沈んだ飛空艇と三本の綱

雲海へ落ちかけた飛空艇を、レオンは砂丘へ不時着させた。

判断は半分正しく、半分間違っていた。乗客は全員無事だったが、船底は裂け、積み荷の半分が砂に埋まった。船長代理だった彼の責任だ。

救助隊の気球が来るまで三時間。乗客を降ろし終えたあと、船体には風が抜ける音だけが残った。レオンは壊れた操舵室で航海日誌を書き、最後の頁に辞任と記した。震える文字を二度書き直しても、責任の重さは軽くならない。かつて所属した船団では、帆を一枚破っただけで名簿から消された。今回も、三人は先に気球へ乗るだろう。マレッタには船団、イスカには工房、ヴェラには通信塔がある。壊れた船と失敗した操舵士に付き合う理由などない。

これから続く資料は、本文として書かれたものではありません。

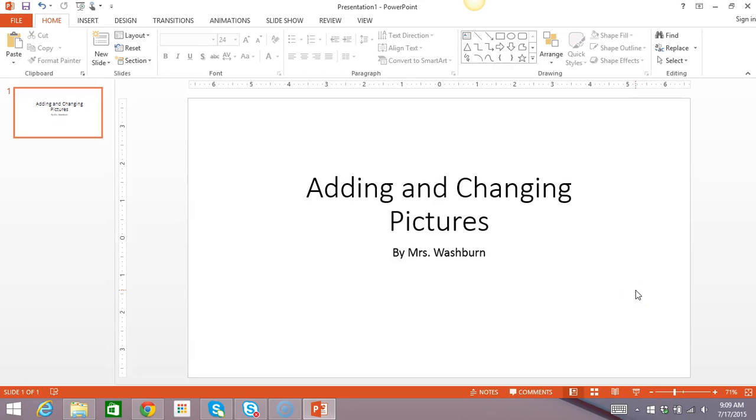Hey there! This is Mrs. Washburn and I'm here to teach you a new skill in PowerPoint. Today's lesson is all about adding and changing pictures.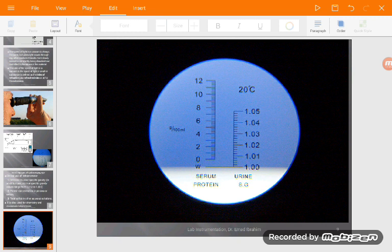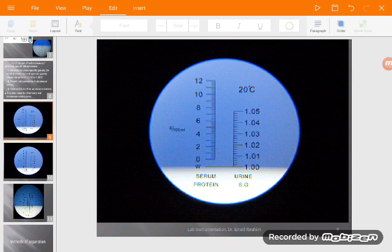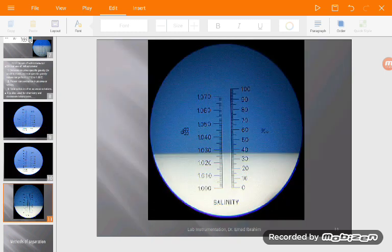This is the urine specific gravity scale. The right-hand scale shows the percentage, and the left-hand side is the urine specific gravity or specific gravity of liquids. We can read it here as about 1.027.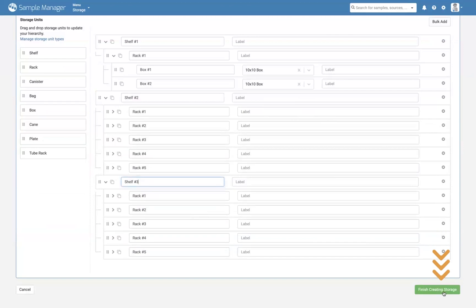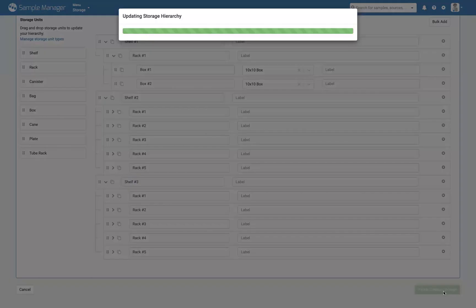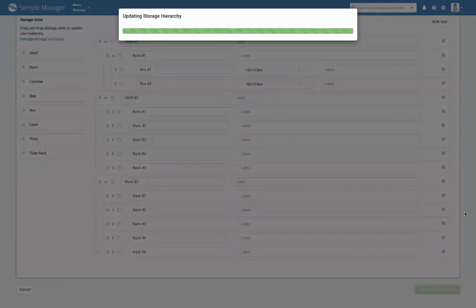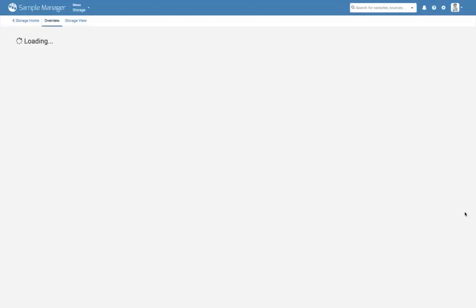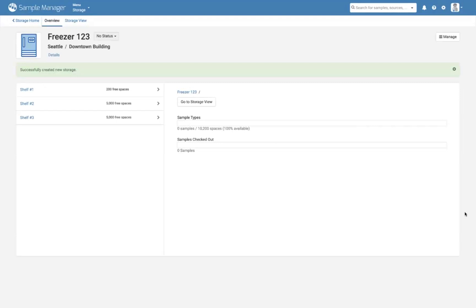Once you're happy with the structure, select Finish Creating Storage. Now you're ready to add samples to the freezer.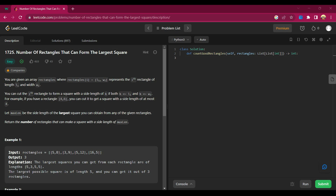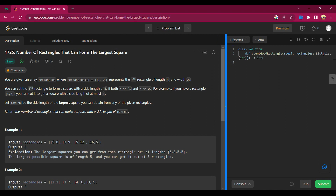Hey guys, my name is Arsalan, welcome back to my channel. Today we are going to solve a new LeetCode question: Number of Rectangles That Can Form the Largest Square. Before we start, please subscribe to the channel, hit the like button, press the bell icon, and bookmark the playlist so you can get updates from the channel.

彼は三人の私物を救助袋へ詰め、搭乗順の一番上へ名前を書いた。自分の名だけは最後にした。

扉を開けると、船長マレッタが待っていた。彼女は胸元の方位盤を外し、航海日誌の上へ置く。

「次の針路はお前が決めろ。辞めるなら、港まで運んでからにしろ」

機関士イスカは、裂けた船底ではなくレオンの個室を板で塞いでいた。釘を打ち終え、簡易寝台を元の位置へ戻す。

「修理の優先順位がおかしいって顔だな。船は野営できる。でも、あんたの寝床がないと帰ってこないだろ」

通信士ヴェラは救助気球へ発光信号を送った。返ってきた光を見て、満足そうに旗を畳む。

「一便目は乗客だけ。二便目まで待つと伝えた」

「三人とも先に帰れ。僕が船を壊したんだ。次の船長は、もっと迷わない人を選べ」

マレッタは方位盤を指で弾いた。イスカは最後の釘を打った。ヴェラは気球へ渡す名簿から三人の名前を消し、レオンの隣へ書き直した。

砂嵐が近づく。三人は船体の左右と尾部へ走り、係留綱を地面の杭へ結んだ。

風に煽られた辞任頁が操舵室から飛び出した。ヴェラが拾い、読まずに丸めて工具箱へ押し込む。マレッタは笑わず、イスカも慰めない。ただ、レオンの分の手袋を杭の上へ置いた。

レオンも四本目を手に取る。

不時着した船はもう飛べない。それでも三本の綱が、彼の帰る操舵室を先に守っていた。